## Image-caption web data
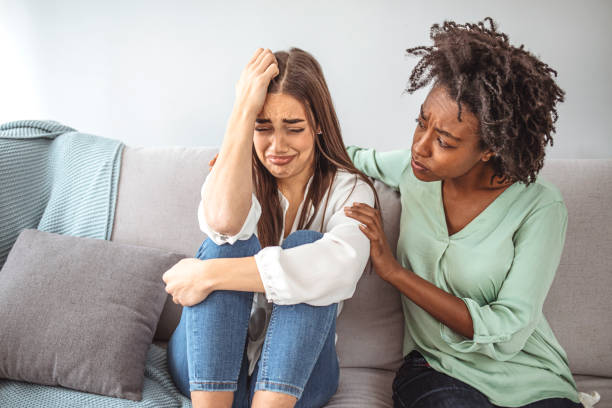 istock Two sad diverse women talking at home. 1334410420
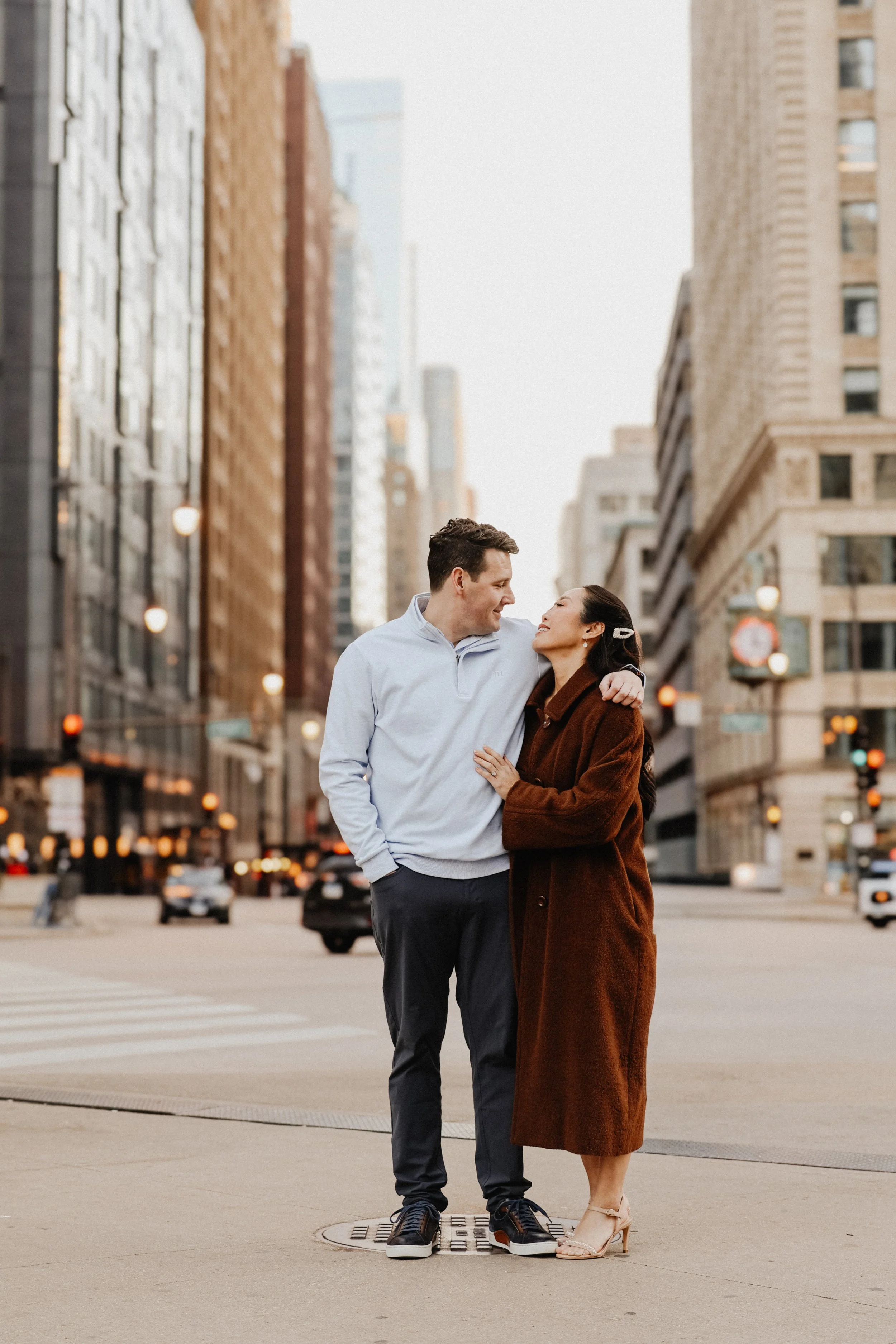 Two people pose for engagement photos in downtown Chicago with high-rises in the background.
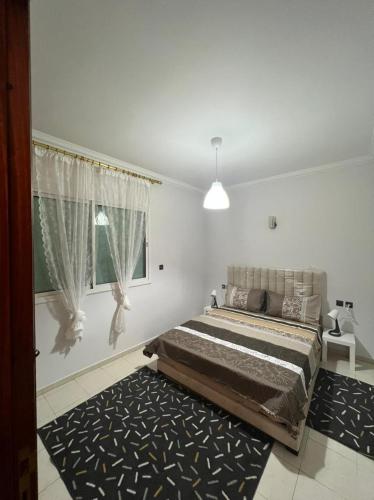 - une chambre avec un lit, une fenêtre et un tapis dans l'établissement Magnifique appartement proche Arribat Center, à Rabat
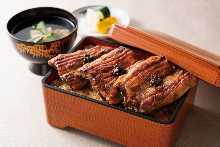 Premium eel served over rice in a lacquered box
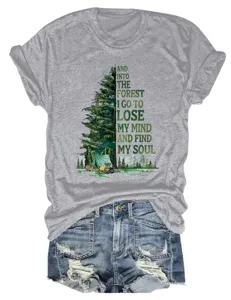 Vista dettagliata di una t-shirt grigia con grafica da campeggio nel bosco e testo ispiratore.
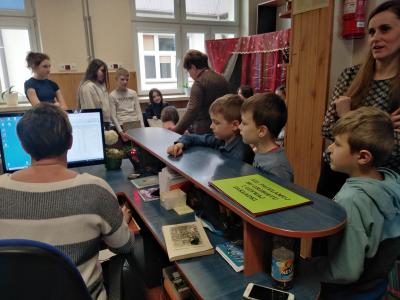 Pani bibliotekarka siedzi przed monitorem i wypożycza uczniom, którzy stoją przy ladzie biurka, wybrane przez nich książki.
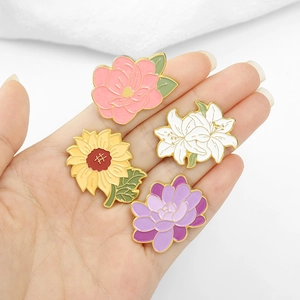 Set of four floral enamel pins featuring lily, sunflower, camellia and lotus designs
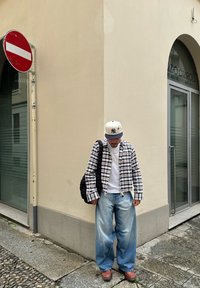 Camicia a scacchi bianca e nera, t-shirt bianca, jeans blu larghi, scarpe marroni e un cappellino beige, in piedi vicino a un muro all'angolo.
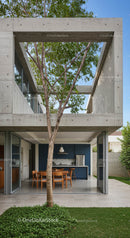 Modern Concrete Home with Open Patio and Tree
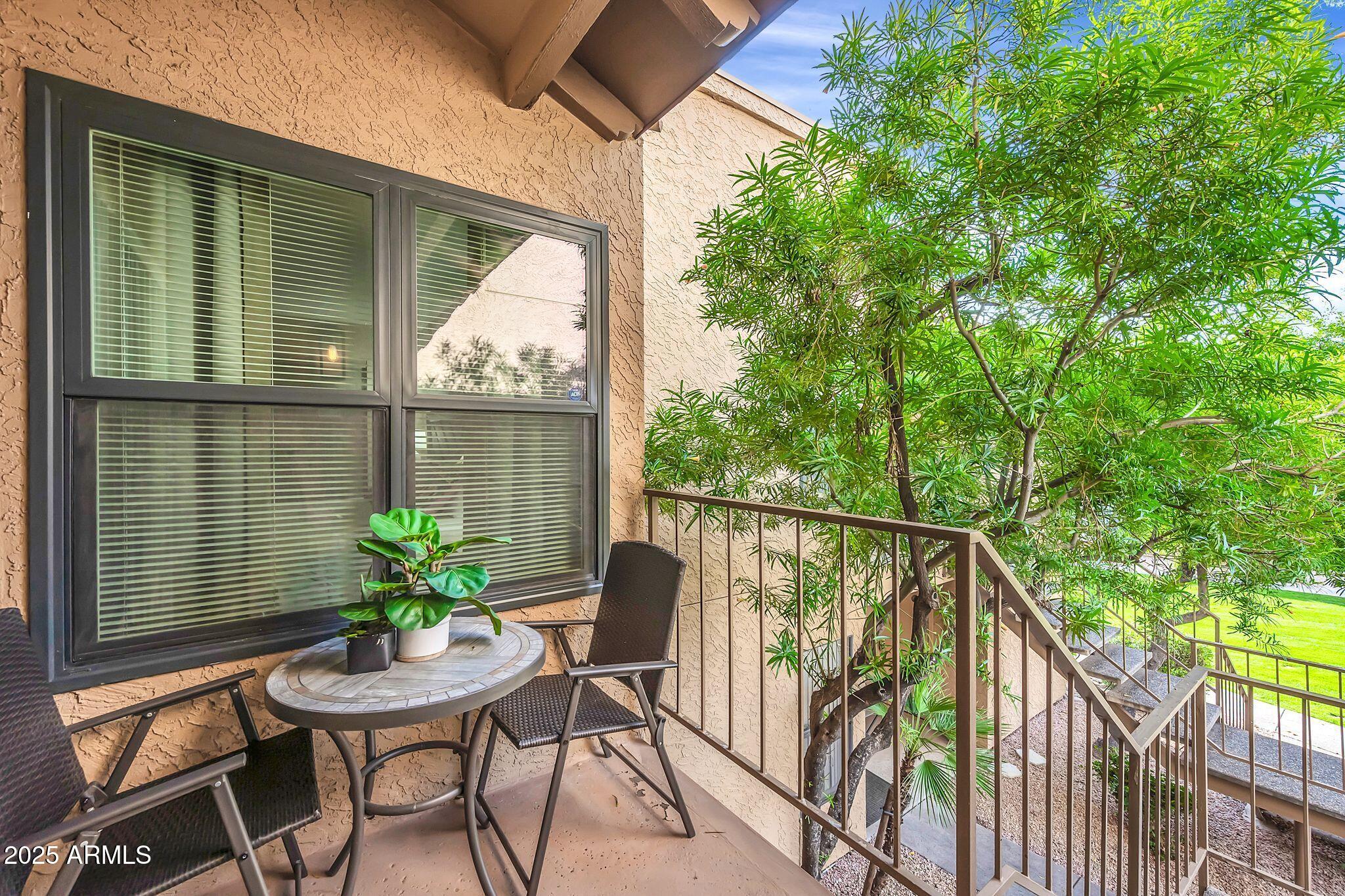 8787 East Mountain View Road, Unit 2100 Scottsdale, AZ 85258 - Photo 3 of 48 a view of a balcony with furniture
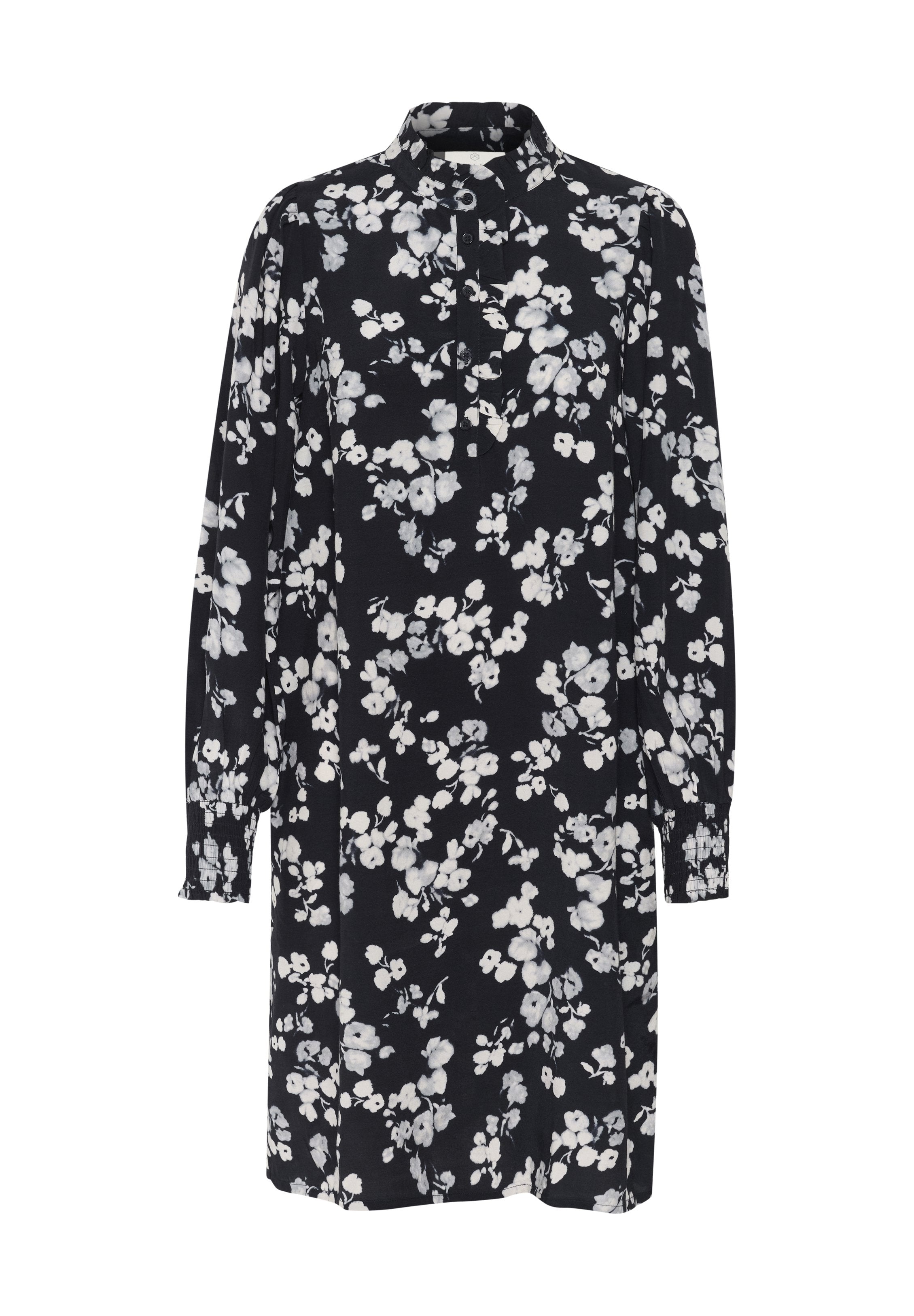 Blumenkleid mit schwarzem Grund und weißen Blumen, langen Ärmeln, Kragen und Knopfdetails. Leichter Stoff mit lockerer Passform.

## Brief
Without the images, print all of the lines above exactly.

## The answer
 istock Two sad diverse women talking at home. 1334410420
 Two people pose for engagement photos in downtown Chicago with high-rises in the background.
 - une chambre avec un lit, une fenêtre et un tapis dans l'établissement Magnifique appartement proche Arribat Center, à Rabat
 Premium eel served over rice in a lacquered box
 Vista dettagliata di una t-shirt grigia con grafica da campeggio nel bosco e testo ispiratore.
 Pani bibliotekarka siedzi przed monitorem i wypożycza uczniom, którzy stoją przy ladzie biurka, wybrane przez nich książki.
 Set of four floral enamel pins featuring lily, sunflower, camellia and lotus designs
 Camicia a scacchi bianca e nera, t-shirt bianca, jeans blu larghi, scarpe marroni e un cappellino beige, in piedi vicino a un muro all'angolo.
 Modern Concrete Home with Open Patio and Tree
 8787 East Mountain View Road, Unit 2100 Scottsdale, AZ 85258 - Photo 3 of 48 a view of a balcony with furniture
 Blumenkleid mit schwarzem Grund und weißen Blumen, langen Ärmeln, Kragen und Knopfdetails. Leichter Stoff mit lockerer Passform.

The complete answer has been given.